Assignment> Output exactly the lines below, starting with the line that has "Rab Men's Cirrus" and going on through the line that has "2025 Hyundai KONA SEL Convenience", both included, and no other lines.

::: Provided material

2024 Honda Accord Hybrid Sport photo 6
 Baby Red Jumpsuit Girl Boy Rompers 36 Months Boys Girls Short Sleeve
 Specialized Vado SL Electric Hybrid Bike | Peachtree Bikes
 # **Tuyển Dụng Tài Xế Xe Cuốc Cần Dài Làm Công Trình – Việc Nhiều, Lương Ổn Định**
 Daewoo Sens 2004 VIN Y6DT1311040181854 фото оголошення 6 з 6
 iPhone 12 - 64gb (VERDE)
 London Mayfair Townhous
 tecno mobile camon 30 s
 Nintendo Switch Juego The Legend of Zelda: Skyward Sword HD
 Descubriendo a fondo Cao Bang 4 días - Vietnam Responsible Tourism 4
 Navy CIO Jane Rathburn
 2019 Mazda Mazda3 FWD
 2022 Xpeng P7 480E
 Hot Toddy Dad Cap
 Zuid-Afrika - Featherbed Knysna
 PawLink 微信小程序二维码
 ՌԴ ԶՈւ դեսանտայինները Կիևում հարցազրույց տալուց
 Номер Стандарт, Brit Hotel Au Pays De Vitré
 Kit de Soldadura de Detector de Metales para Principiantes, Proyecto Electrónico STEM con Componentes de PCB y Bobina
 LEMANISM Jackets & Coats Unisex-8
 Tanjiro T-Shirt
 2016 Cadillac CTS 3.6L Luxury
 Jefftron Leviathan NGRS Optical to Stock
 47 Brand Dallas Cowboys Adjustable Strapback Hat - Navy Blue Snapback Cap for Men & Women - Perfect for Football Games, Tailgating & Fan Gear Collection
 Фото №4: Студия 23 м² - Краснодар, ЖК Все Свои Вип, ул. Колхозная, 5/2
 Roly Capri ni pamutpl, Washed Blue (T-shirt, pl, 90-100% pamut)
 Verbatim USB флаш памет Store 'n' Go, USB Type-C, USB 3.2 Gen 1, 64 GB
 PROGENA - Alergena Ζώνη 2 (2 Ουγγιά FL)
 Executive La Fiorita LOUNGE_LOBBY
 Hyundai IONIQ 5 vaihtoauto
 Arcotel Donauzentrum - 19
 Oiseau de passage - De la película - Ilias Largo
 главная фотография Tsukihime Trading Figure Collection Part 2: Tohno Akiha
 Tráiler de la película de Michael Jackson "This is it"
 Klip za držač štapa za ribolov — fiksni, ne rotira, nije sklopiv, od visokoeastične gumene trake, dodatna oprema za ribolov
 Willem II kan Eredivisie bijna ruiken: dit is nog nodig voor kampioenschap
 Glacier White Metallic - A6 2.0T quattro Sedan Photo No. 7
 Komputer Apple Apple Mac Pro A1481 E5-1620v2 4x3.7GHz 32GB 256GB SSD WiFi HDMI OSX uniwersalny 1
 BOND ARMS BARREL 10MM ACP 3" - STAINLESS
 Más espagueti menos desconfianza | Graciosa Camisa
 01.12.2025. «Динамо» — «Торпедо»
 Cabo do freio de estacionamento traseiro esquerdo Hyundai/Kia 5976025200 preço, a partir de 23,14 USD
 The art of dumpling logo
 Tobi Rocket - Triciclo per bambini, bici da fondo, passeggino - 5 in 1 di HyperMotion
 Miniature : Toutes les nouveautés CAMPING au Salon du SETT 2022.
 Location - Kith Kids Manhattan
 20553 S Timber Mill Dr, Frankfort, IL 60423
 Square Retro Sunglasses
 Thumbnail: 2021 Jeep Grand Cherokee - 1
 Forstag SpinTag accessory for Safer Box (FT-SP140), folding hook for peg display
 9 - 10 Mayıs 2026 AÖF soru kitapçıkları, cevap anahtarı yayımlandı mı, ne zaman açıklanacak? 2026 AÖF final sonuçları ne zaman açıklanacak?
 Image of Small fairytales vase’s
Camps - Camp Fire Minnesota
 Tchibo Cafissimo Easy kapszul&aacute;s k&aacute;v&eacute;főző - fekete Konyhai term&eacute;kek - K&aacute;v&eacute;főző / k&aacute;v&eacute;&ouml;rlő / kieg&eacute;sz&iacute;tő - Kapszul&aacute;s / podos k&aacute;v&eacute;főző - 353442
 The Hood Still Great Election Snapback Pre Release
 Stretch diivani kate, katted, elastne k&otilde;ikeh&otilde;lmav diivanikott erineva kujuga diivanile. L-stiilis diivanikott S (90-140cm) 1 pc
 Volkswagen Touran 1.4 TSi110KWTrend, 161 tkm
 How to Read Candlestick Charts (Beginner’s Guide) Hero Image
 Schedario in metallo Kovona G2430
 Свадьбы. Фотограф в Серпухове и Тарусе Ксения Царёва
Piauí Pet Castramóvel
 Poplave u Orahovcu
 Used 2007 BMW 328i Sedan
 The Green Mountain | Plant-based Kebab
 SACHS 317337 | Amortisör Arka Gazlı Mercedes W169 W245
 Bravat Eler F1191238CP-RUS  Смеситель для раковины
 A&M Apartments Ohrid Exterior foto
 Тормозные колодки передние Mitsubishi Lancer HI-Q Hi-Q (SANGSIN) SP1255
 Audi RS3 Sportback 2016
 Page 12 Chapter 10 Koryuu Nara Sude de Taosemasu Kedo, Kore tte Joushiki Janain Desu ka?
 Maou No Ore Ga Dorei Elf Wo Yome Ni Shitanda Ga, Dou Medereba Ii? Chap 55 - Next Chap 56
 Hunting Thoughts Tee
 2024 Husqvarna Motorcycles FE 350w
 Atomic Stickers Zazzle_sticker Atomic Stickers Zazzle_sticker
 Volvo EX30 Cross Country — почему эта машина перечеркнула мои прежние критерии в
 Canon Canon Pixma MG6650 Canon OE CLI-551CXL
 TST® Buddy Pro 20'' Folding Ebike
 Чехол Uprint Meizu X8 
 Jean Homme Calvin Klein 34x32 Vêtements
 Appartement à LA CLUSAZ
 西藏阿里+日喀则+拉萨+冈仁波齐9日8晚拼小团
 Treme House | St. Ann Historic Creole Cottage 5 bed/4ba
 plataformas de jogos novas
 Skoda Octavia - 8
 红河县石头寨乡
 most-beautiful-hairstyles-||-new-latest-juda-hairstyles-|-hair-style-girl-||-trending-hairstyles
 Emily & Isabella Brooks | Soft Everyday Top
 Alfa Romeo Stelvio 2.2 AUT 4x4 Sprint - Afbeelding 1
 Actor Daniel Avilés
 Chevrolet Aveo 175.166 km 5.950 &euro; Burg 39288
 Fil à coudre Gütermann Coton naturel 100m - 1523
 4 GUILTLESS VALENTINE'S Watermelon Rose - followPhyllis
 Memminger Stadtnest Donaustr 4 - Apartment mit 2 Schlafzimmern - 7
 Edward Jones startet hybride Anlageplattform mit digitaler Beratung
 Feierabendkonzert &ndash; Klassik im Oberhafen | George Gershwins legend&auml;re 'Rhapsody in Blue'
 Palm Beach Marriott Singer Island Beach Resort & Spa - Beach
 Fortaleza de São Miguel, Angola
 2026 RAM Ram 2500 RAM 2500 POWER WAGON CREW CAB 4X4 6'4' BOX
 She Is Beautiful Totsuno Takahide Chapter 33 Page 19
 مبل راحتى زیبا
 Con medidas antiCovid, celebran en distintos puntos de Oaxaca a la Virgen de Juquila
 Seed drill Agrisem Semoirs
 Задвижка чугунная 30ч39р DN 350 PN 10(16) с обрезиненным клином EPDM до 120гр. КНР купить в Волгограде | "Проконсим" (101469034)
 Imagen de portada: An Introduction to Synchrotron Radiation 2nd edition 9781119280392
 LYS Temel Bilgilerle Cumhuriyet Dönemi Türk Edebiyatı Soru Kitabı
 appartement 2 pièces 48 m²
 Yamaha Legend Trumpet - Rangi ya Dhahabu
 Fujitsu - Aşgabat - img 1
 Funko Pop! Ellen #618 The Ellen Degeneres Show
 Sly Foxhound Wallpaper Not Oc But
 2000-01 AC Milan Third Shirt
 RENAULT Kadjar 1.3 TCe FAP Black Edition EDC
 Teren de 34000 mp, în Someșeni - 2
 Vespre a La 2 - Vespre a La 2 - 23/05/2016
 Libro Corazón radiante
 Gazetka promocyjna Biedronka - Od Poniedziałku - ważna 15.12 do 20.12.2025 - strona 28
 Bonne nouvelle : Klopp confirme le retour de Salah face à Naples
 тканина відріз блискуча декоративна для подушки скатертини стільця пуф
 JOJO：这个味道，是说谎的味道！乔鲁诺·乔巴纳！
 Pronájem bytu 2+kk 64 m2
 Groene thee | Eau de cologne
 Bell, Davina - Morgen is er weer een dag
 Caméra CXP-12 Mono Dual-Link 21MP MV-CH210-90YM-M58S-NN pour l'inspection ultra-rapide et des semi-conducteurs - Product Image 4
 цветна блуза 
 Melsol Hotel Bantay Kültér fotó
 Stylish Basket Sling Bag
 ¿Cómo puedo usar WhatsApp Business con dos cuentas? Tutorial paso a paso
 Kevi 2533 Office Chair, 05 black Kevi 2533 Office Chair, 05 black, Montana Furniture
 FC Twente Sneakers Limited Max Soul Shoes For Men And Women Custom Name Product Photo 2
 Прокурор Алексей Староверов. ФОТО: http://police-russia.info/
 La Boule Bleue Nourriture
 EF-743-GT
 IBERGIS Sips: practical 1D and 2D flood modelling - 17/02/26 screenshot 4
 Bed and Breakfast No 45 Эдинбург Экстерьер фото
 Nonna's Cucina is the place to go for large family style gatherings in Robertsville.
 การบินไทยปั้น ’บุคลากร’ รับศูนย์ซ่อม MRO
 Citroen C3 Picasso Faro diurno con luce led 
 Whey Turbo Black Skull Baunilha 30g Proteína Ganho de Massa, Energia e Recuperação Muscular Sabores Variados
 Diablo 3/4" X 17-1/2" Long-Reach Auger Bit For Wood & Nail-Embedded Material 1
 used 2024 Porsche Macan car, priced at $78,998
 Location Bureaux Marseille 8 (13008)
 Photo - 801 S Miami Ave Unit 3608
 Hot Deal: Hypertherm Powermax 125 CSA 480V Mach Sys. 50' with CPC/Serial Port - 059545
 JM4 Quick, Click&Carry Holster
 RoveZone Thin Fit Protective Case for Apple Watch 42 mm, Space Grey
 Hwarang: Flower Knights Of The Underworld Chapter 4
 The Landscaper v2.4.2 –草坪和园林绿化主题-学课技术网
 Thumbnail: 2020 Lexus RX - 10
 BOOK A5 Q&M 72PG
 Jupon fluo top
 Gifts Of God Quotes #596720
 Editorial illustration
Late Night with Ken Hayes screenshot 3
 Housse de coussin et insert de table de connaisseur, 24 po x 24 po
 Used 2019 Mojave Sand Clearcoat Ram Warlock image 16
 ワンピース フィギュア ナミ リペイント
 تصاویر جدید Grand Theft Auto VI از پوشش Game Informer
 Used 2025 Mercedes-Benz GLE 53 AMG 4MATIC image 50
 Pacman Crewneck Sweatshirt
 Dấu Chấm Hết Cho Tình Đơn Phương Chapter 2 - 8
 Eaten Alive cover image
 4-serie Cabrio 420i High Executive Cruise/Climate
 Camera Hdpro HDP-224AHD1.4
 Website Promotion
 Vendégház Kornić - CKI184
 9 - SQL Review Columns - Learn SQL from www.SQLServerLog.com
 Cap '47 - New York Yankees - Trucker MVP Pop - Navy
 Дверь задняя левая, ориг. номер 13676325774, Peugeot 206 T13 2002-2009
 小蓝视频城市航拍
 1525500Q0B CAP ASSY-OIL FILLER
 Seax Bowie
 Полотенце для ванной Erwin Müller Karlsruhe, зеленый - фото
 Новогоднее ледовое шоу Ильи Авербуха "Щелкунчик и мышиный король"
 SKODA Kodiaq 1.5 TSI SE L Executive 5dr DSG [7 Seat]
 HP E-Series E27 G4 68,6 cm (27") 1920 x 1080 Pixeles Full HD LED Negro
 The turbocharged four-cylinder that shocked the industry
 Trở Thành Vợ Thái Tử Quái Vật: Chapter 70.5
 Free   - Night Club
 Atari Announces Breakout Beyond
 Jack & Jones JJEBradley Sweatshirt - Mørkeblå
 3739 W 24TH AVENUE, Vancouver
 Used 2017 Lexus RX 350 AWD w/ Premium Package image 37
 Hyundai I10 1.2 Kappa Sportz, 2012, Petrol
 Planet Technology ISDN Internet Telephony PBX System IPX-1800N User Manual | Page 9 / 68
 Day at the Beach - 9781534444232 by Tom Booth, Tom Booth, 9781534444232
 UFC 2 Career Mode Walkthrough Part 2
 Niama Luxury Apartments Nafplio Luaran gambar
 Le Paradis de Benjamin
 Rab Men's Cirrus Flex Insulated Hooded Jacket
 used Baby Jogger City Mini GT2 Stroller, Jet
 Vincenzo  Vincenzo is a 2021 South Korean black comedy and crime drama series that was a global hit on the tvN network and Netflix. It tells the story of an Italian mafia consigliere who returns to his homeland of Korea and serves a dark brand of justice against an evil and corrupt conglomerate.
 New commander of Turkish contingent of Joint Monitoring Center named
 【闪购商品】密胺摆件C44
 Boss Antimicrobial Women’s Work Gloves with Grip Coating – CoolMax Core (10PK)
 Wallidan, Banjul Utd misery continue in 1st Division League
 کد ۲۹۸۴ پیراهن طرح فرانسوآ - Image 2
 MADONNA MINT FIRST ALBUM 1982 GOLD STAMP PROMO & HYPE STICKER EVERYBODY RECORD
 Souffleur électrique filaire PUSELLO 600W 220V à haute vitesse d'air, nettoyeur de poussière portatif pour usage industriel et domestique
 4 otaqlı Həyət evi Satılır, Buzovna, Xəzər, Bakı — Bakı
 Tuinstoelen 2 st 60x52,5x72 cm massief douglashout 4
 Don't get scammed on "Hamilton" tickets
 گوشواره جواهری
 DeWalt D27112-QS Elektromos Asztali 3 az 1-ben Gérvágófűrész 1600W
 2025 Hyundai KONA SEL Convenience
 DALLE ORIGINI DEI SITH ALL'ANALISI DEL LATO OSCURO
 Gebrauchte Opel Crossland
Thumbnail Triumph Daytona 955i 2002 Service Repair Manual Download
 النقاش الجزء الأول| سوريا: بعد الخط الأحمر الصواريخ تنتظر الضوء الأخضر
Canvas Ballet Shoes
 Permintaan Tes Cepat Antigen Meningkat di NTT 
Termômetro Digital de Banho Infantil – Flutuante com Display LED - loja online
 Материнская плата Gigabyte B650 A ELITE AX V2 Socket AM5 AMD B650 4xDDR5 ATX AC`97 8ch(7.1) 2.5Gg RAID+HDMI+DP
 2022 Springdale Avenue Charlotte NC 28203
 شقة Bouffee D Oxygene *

::::::

Response to the exercise>
 Rab Men's Cirrus Flex Insulated Hooded Jacket
 used Baby Jogger City Mini GT2 Stroller, Jet
 Vincenzo  Vincenzo is a 2021 South Korean black comedy and crime drama series that was a global hit on the tvN network and Netflix. It tells the story of an Italian mafia consigliere who returns to his homeland of Korea and serves a dark brand of justice against an evil and corrupt conglomerate.
 New commander of Turkish contingent of Joint Monitoring Center named
 【闪购商品】密胺摆件C44
 Boss Antimicrobial Women’s Work Gloves with Grip Coating – CoolMax Core (10PK)
 Wallidan, Banjul Utd misery continue in 1st Division League
 کد ۲۹۸۴ پیراهن طرح فرانسوآ - Image 2
 MADONNA MINT FIRST ALBUM 1982 GOLD STAMP PROMO & HYPE STICKER EVERYBODY RECORD
 Souffleur électrique filaire PUSELLO 600W 220V à haute vitesse d'air, nettoyeur de poussière portatif pour usage industriel et domestique
 4 otaqlı Həyət evi Satılır, Buzovna, Xəzər, Bakı — Bakı
 Tuinstoelen 2 st 60x52,5x72 cm massief douglashout 4
 Don't get scammed on "Hamilton" tickets
 گوشواره جواهری
 DeWalt D27112-QS Elektromos Asztali 3 az 1-ben Gérvágófűrész 1600W
 2025 Hyundai KONA SEL Convenience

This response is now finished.